● **EXERCISE AIM**
The answer should consist of every line in the material below that has the word "Canon".

● **EXERCISE DATA**
*** Block opens ***

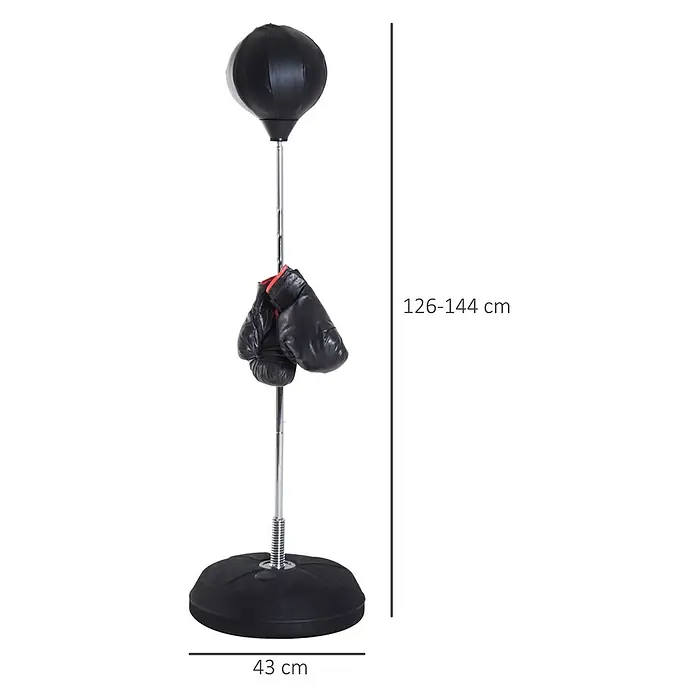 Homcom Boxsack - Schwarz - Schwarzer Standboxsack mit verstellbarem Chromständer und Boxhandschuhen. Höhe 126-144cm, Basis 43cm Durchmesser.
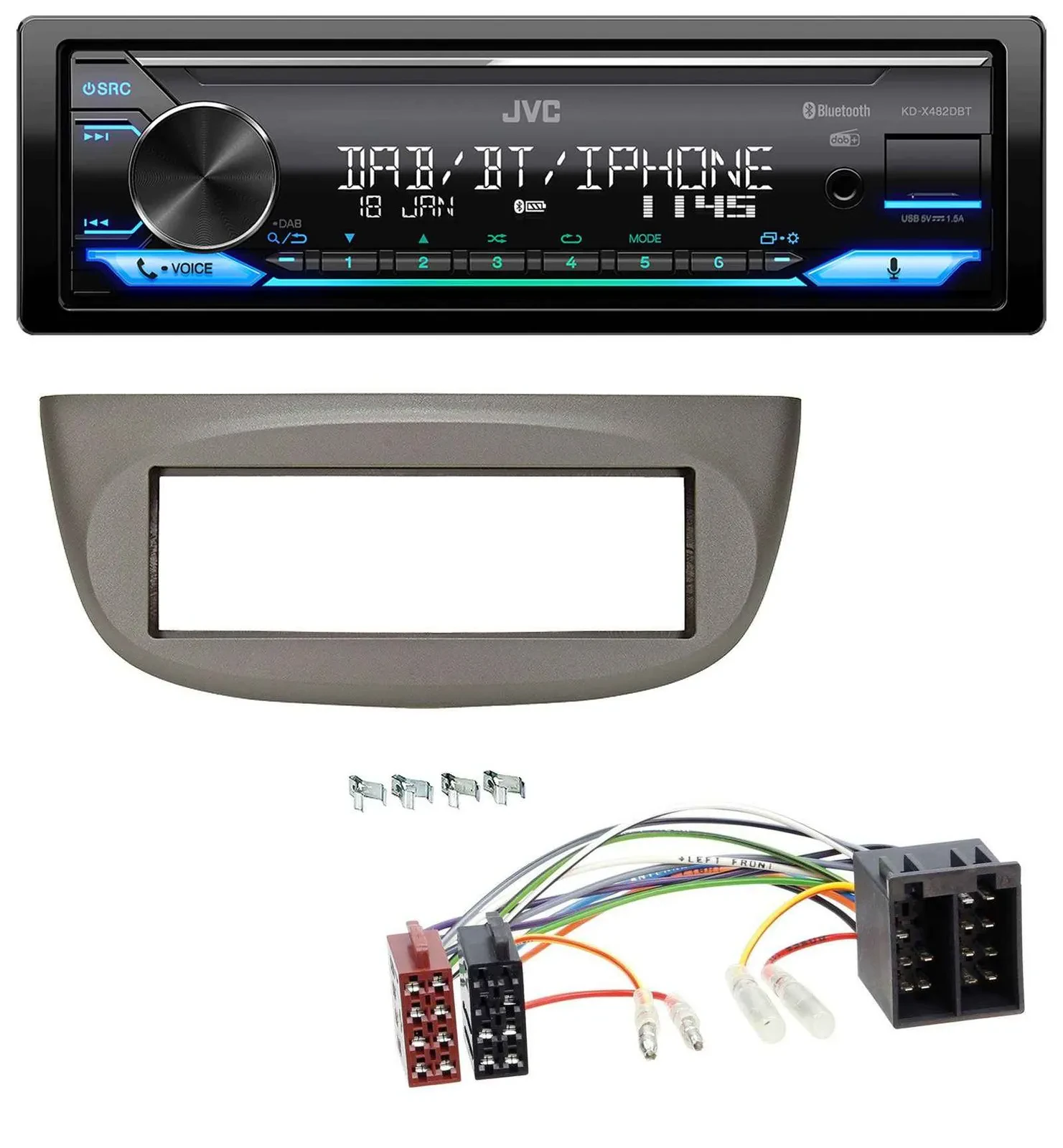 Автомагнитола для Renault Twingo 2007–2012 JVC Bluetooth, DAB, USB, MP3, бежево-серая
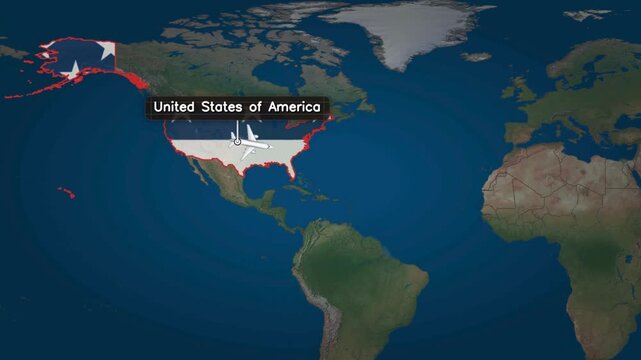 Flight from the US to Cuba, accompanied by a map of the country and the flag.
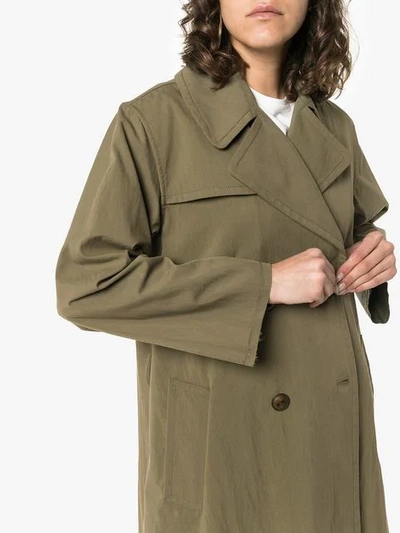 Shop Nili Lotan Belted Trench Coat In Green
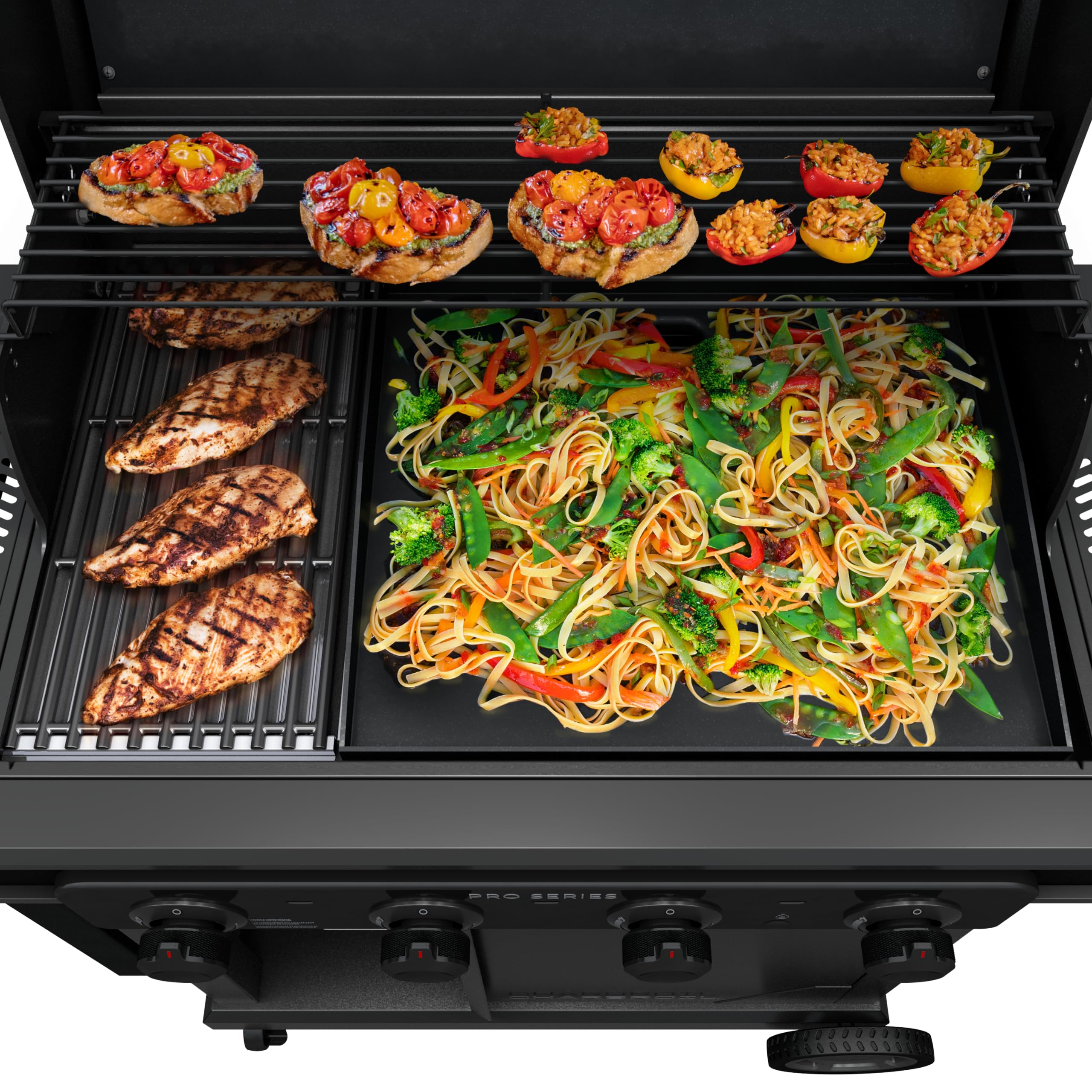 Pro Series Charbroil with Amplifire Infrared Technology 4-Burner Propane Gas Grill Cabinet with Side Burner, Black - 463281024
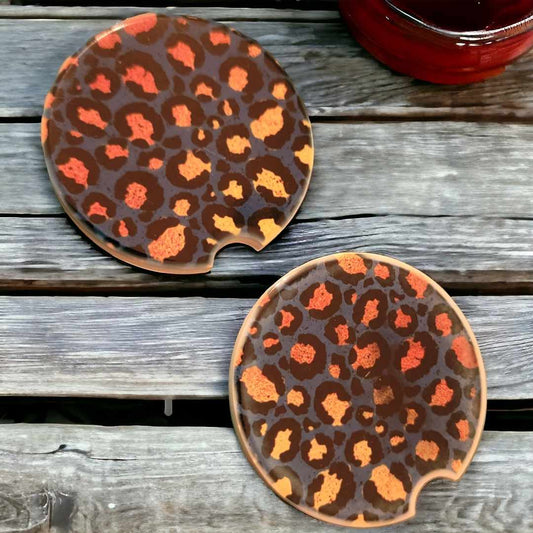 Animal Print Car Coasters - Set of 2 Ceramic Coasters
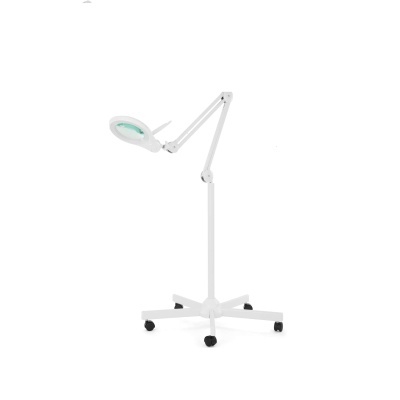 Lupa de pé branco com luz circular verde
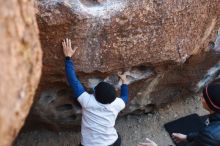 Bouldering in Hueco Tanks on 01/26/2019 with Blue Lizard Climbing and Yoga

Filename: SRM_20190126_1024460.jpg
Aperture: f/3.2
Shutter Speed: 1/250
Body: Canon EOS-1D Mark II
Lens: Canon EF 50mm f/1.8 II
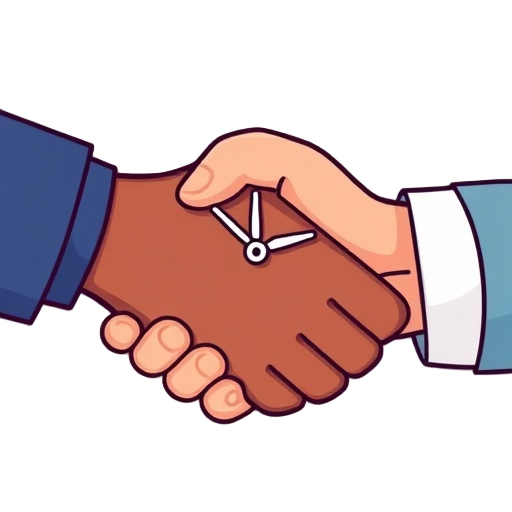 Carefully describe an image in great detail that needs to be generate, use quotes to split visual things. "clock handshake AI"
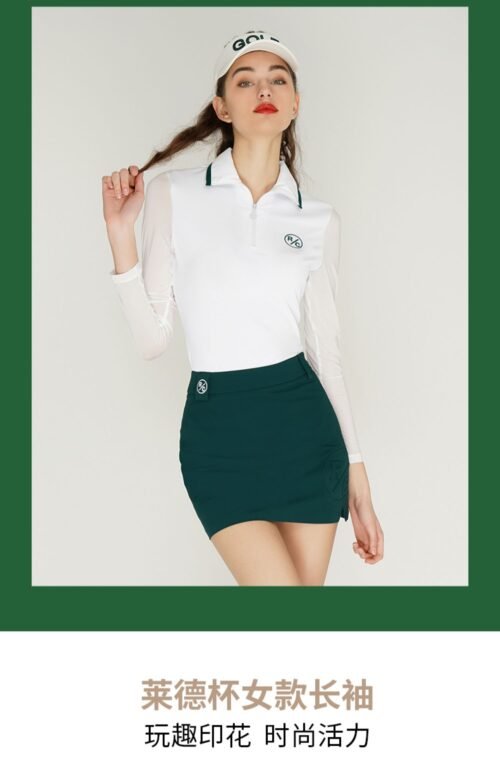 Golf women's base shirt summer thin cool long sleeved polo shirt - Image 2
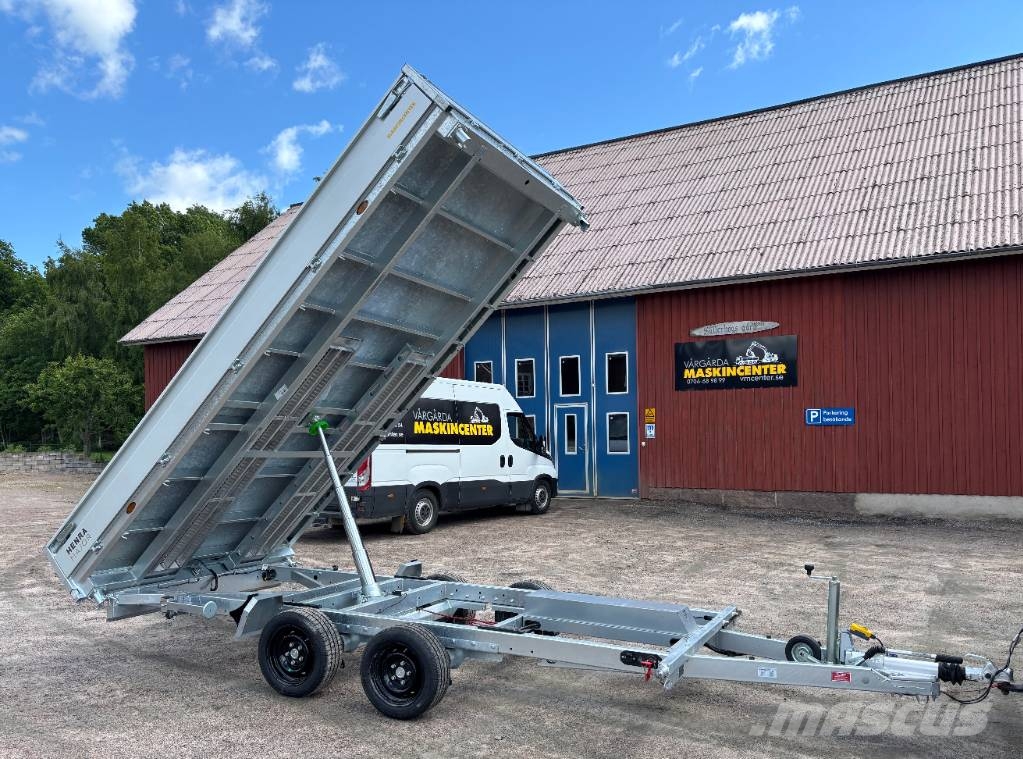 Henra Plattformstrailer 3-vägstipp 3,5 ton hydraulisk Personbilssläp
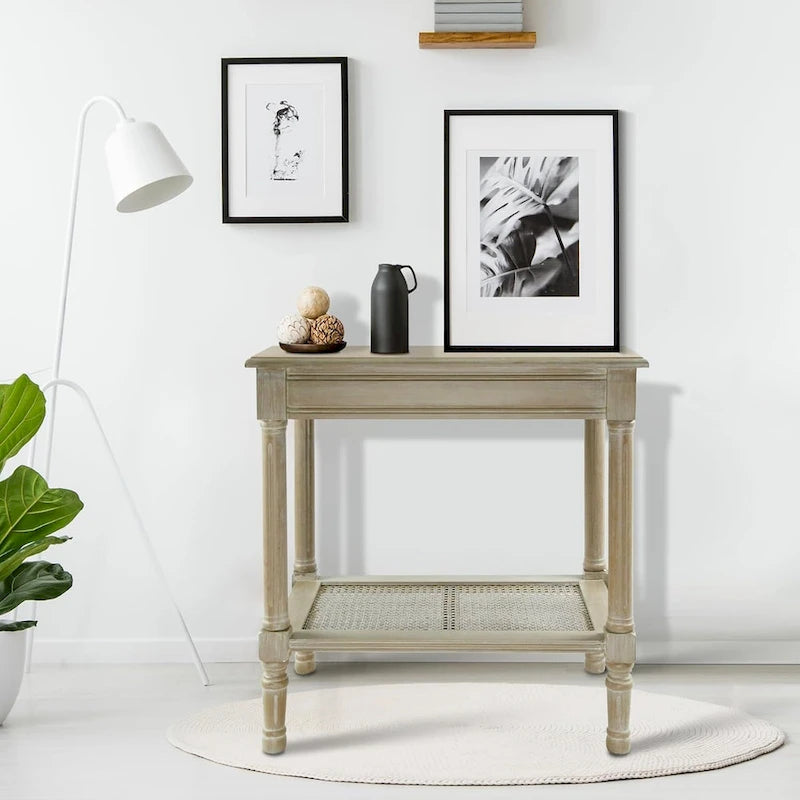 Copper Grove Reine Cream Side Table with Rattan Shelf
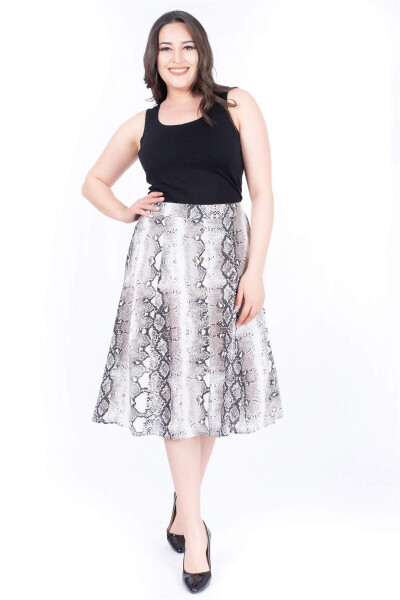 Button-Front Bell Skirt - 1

*** Block closes ***

● **RESPONSE**
Body: Canon EOS-1D Mark II
Lens: Canon EF 50mm f/1.8 II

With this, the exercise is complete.